Oh boy, it's the day of eyes for you two it seems. : D Both did a great work!
I probably won't be able to post stuff from today to Sunday because there's a gaming event I'm going to attend but I'll try to catch up with any prompts that I miss next week. :>


----------



## fallout19980 (Oct 6, 2017)

www.furaffinity.net: Lips Animation (Inktober Sub 2) by fallout19980 Sub 2. Sheksy.


----------



## Reserved_Krolik (Oct 6, 2017)

Inktober #6, “Hippocampus” Drawn in ink, on a sketch card. I made a pun.


----------



## Reserved_Krolik (Oct 6, 2017)

Pipistrele said:


> Eyes! Spoopy spary


That's... hypnotic. I literally could not look away.


----------



## Reserved_Krolik (Oct 6, 2017)

fallout19980 said:


> www.furaffinity.net: Lips Animation (Inktober Sub 2) by fallout19980 Sub 2. Sheksy.

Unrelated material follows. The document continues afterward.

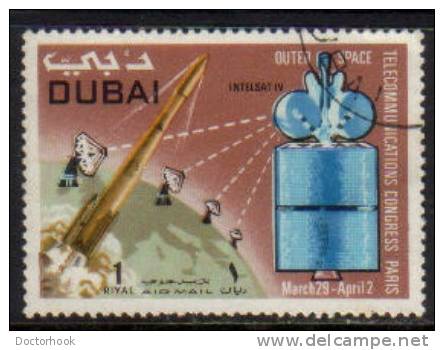 DUBAI   Scott #  C 55  VF USED - Dubai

Nice! The simple lineart really catches the eye!


----------



## Reserved_Krolik (Oct 6, 2017)

Eiliakins said:


> Oh boy, it's the day of eyes for you two it seems. : D Both did a great work!
> I probably won't be able to post stuff from today to Sunday because there's a gaming event I'm going to attend but I'll try to catch up with any prompts that I miss next week. :>



Oh, neat! Have fun! What gaming event?


----------



## fallout19980 (Oct 6, 2017)

Reserved_Krolik said:


> Nice! The simple lineart really catches the eye!


why thank you.


----------



## Pipistrele (Oct 7, 2017)

Reserved_Krolik said:


> That's... hypnotic. I literally could not look away.

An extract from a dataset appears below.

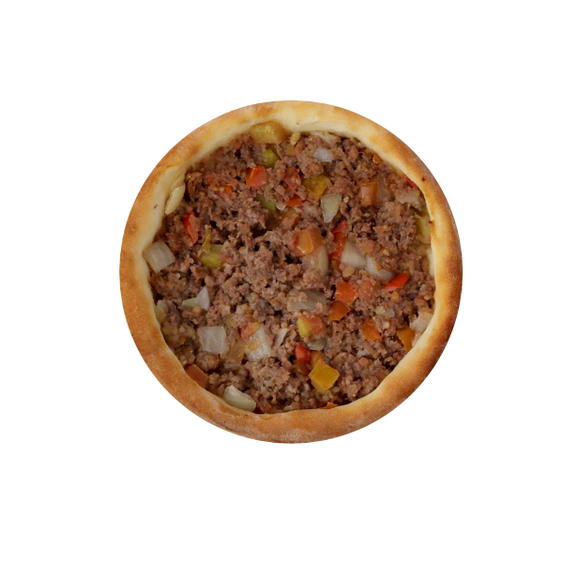 carne moida+ cebolas e tomates picadinhos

Those eyes can't look away from you too, so everything is fair .u.


----------



## fallout19980 (Oct 7, 2017)

www.furaffinity.net: Walking down the graveyard (Inktober Sub 3) by fallout19980 Sub 3


----------



## Pipistrele (Oct 8, 2017)

Birbat
Batird
Whatever you want it to be, really


----------



## Reserved_Krolik (Oct 8, 2017)

I was out yesterday, so I'm playing catch up today! I'll try to get mine up sometime today!

@fallout19980  : Very nice! I've been wondering- what program are you using?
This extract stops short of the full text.